Let us be soldiers of hope

We Christians have the ultimate basis for hope

In my privileged time writing for this paper I’ve penned several articles on the season of Christmas, but never written a thing on Advent. This neglect is a problem – a first-world problem perhaps, but hardly an unusual one. Most people hardly know what Advent is, and even those of us who do don’t really have all much of an understanding of it.
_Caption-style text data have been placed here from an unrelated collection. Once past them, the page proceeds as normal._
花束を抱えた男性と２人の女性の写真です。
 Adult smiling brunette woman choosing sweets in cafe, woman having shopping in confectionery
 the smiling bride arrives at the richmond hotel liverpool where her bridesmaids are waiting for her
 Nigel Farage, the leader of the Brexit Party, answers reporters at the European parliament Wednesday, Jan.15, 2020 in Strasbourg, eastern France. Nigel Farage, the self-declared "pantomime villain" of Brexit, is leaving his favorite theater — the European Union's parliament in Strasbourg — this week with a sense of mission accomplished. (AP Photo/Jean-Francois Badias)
There are all sorts of reasons for this, which would make an excellent basis for another fun-filled pop-psychoanalysis of the Western World, but that, thankfully, is not my aim today.

Lunatic rush

I’m more interested in what we as Catholics, as Irishmen, as humans, are missing out on when we whiz breezily – or vexedly – through Advent in our lunatic rush to Christmas Day. We miss chances to relax, to be with our families, to reflect, to pray. (This, by the way, is the origin of the bizarre phenomenon of people who are, wait for it, sick of Christmas. Sick of Christmas! The Catholic website ‘Busted Halo’ nails it: if you’re tired of Christmas by December 25, you’re doing it wrong.)

Most importantly though, we miss a fantastic chance to immerse ourselves in hope.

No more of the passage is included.